Delaware is often regarded as the preferred state of formation for entities, but the advantages that Delaware provides may not be of value to your start-up.  Here are 5 reasons why Delaware may not be the ideal state of formation for your entity, at least initially:

  1. Subject to Other States’ Requirements. If your business is not located in Delaware, you will have to register your entity in the state where your entity principally conducts its business and potentially other states.  This means that you need to pay for a registered agent in Delaware and often you will need to pay for a registered agent in your home state if you will not act as the registered agent there. Your entity will also be subject to the reporting requirements of Delaware and the other states where your entity is registered, which will include your home state.

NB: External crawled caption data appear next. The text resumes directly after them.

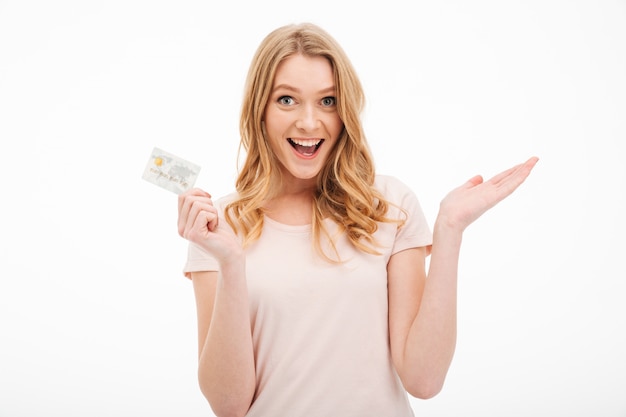 Cheerful young lady holding credit card.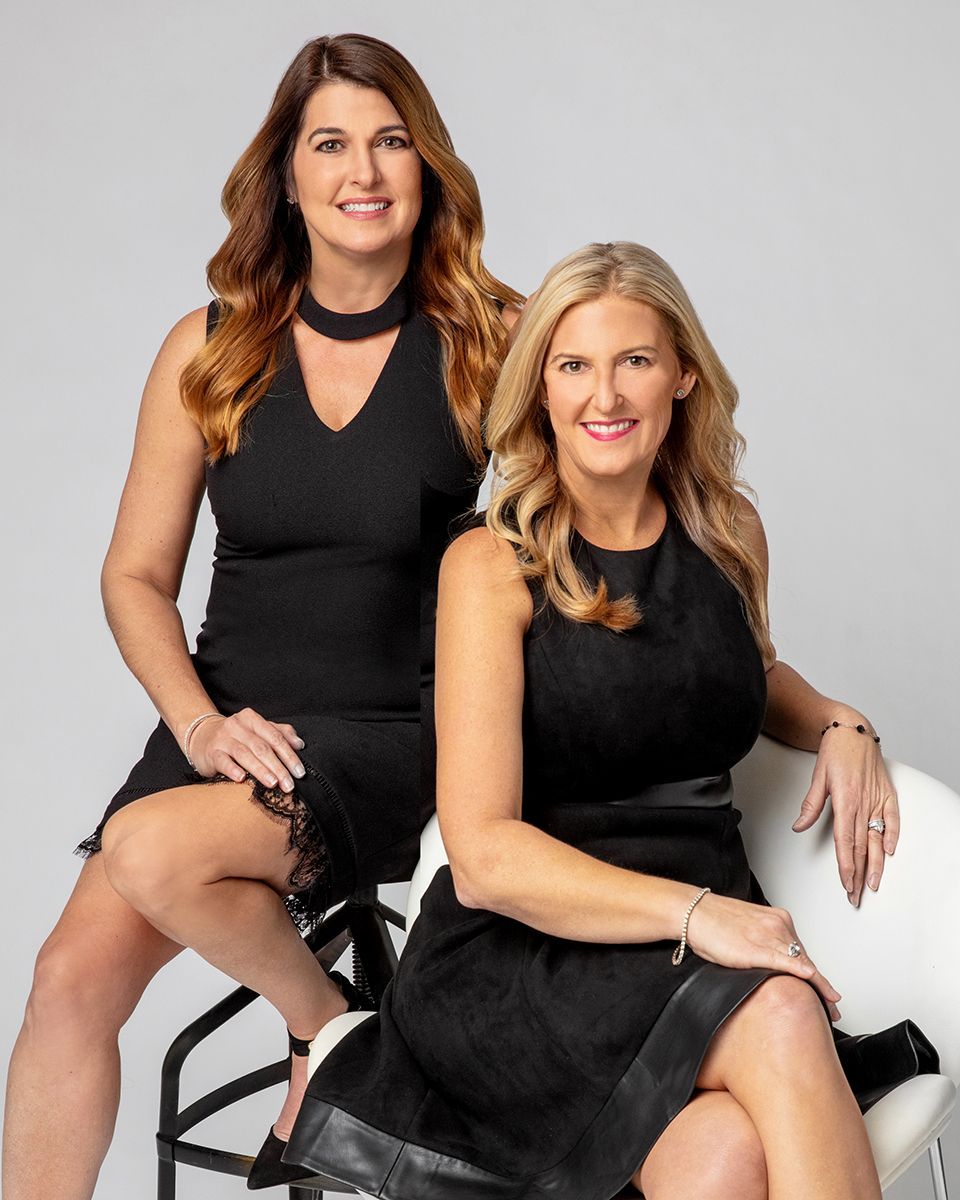Two women in black dresses are sitting next to each other on a chair.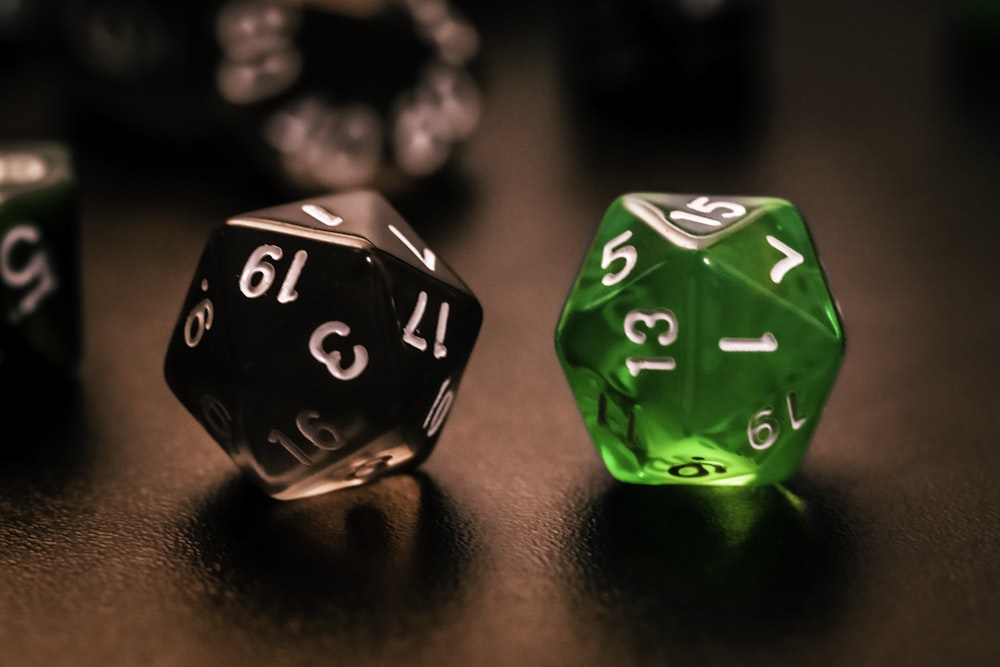 green and black dice on brown wooden table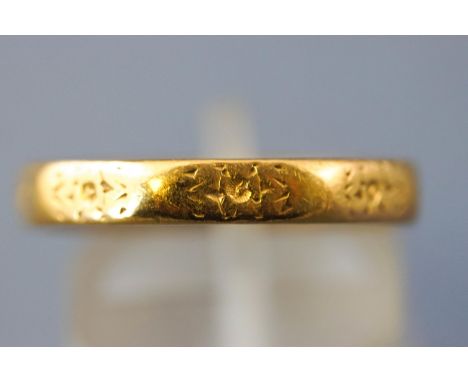 A yellow metal court shaped wedding ring with engraved design. Hallmarked 22ct gold, London. Size: O 5.5 grams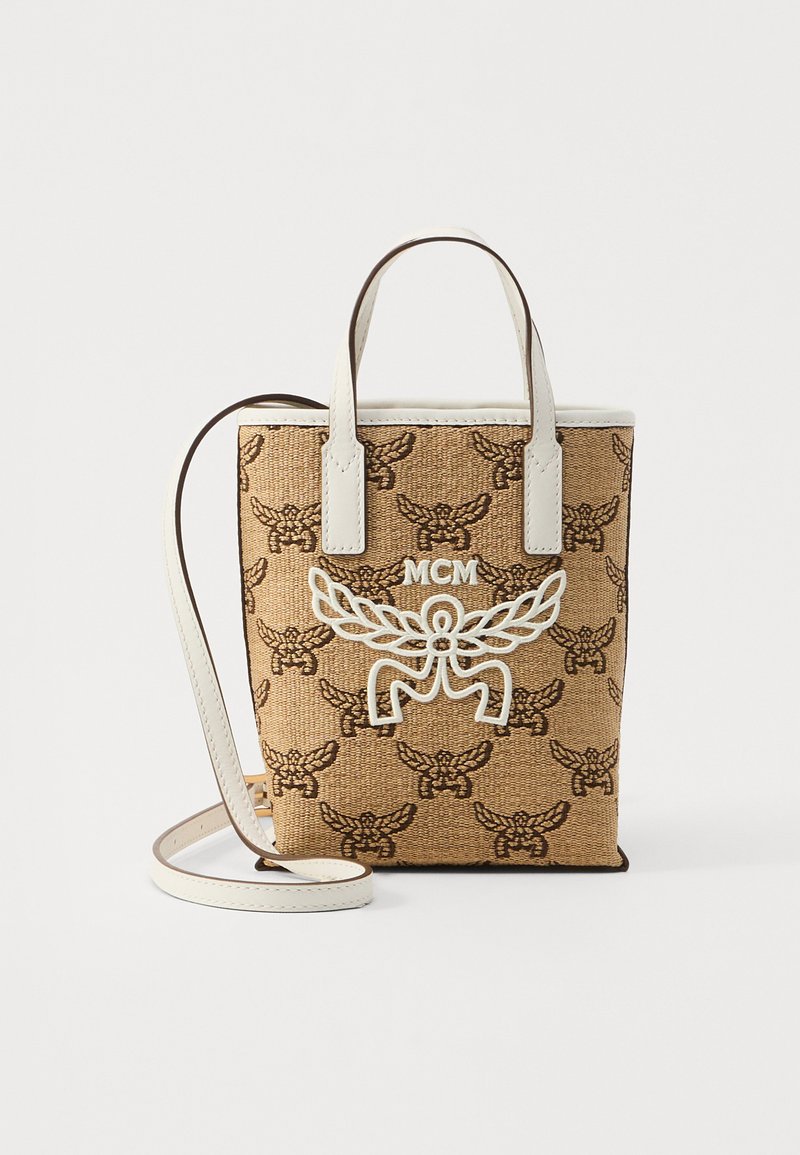 Pruun kudumisnuga, millel on detailne muster; valged nahast aksessuaarid; MCM logo valgena; lühikesed sangad ja eemaldatav õlarihm.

  2. Costs. Not all states have franchise taxes, but Delaware does:  Delaware has an annual franchise tax that is required to be paid by March 1 of each year for the previous year.  A Delaware company cannot make filings, including to amend its certificate of incorporation, effect a merger or even formally dissolve, unless it has paid its outstanding (including past due) franchise taxes.  A company that has not paid its Delaware franchise taxes is not in “good standing” in Delaware and will not be able to make representations and warranties to parties that it is in “good standing” (including delivering good standing certificates) until it has paid outstanding franchise taxes.  In addition, while Delaware does provide for expedited filings, these expedited filings cost extra on top of Delaware’s standard filing fees, so a start-up will need to budget extra money in order to make the standard, and any expedited, Delaware filings.
  3. Reputation May not Matter. It is true that many investors prefer Delaware entities, but starting off as a Delaware company from day one may not be necessary.  In other words, consider saving on registered agent, filing and franchise tax costs by forming your start-up company in your home state initially, and then be open to investors’ requests to convert or merge into a Delaware company when the time is right or when you have funds to cover those extra costs of being a Delaware company, which often is when you receive funding.

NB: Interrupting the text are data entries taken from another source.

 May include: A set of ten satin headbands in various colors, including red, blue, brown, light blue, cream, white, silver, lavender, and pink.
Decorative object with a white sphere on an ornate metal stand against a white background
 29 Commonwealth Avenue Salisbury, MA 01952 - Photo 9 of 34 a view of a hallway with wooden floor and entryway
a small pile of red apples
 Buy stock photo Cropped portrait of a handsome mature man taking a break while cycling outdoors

  4. Consent to Jurisdiction. Your Delaware entity will be subject to Delaware courts.  This means someone can sue your entity in Delaware, which may result in having to engage Delaware attorneys and travel to Delaware if the matter is litigated.
  5. Other States. Many states are not far behind Delaware in terms of services offered.  You should consult your local counsel to determine if your “home” state will provide similar benefits as Delaware.  And most agreements that your entity will enter into will have governing law and venue provisions that may provide for another state’s laws and courts to govern, so having a Delaware entity with its sophisticated legislature, laws and courts may be of no value when a dispute arises.

While you may be inclined to follow the lead of most Fortune 500 companies and form your start-up in Delaware, you should consider whether it is worth forming an entity in a state where you have no nexus, where it can be more expensive and where its advantages may not be applicable to your business.